Jesus Storybook Bible & Thoughts to Make Your Heart Sing – yes, I realize these are not parenting books per say. But truly – they are invaluable resources for us as we parent. These are regularly opened in our home and are thought-provoking books which have the ability to spark important conversations about the gospel. We can’t sing praises about these books enough.
And of course, don’t forget the Bible. Trust me when I say, one of my top “Questions For God” (oh, you don’t have a list?) is why on EARTH there wasn’t a parenting manual? With an index for each undesirable situation? I mean, that would have been GOLD.
Books on Becoming a Mother
I firmly believe you can’t be as capable of a parent unless you are working on your soul and personal growth too.

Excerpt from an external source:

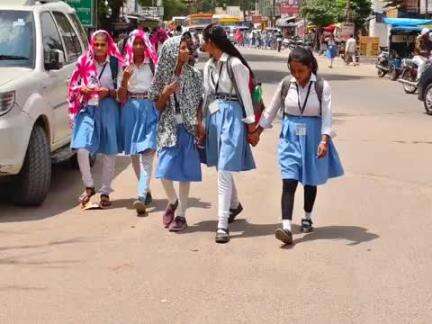 हमीरपुर: जिले में पारा पहुंचा 44 डिग्री, जनजीवन हुआ प्रभावित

I know it’s difficult to find any amount of time to pee alone, let alone read an entire book. But nourishing our souls and minds are incredibly important to keep us, well, “us“. Here are a few books I’ve enjoyed recently to nourish my heart as a mother.
Good News for the Weary Women – This one was extremely important for my heart. Yes, I have recommended Elyse twice, but she has a God-given gift when it comes to saturating the pages with the truth of the gospel. It is easy, as a mother, to compare yourself to others and constantly feel as if you aren’t good enough. Elyse reminds you that you simultaneously aren’t good enough without Jesus and that you are seen by God as exactly good enough. We need to be feeding ourselves truth to speak over our lives frequently on this parenting journey.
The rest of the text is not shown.